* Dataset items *
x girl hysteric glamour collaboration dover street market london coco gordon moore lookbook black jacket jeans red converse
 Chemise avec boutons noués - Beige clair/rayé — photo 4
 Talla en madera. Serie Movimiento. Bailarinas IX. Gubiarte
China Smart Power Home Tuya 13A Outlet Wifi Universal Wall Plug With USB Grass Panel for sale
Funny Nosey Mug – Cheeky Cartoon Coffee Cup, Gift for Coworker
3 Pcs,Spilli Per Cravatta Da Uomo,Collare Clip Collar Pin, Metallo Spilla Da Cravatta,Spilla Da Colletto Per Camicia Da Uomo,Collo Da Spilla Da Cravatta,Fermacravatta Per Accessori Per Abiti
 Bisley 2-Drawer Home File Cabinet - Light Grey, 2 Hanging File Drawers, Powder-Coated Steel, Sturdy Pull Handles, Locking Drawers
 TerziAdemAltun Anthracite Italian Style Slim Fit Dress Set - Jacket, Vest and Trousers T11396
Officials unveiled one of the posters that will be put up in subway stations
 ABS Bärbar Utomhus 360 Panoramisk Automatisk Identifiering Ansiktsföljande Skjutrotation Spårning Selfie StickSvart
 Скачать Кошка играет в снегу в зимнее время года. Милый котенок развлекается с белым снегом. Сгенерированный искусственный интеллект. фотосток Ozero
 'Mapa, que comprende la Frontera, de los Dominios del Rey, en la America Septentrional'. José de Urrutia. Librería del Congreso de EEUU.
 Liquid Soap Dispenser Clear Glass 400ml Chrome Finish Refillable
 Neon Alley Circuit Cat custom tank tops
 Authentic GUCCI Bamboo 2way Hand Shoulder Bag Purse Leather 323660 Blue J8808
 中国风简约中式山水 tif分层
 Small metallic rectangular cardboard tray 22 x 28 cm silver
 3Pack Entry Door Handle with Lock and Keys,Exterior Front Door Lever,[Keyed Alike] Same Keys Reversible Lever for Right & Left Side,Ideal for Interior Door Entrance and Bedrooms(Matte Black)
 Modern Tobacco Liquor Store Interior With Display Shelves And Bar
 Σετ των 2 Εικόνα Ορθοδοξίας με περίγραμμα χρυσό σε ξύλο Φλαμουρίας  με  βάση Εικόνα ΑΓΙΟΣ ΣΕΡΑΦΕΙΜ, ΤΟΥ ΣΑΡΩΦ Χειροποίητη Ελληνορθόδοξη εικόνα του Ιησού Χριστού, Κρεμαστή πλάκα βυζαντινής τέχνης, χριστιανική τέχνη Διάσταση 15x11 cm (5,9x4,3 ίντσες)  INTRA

* REQUIRED ACTION *
Wherever the word "Home" appears in a line of the records, count that line. Say how many there are, with no other words.

* PROBLEM SOLUTION *
2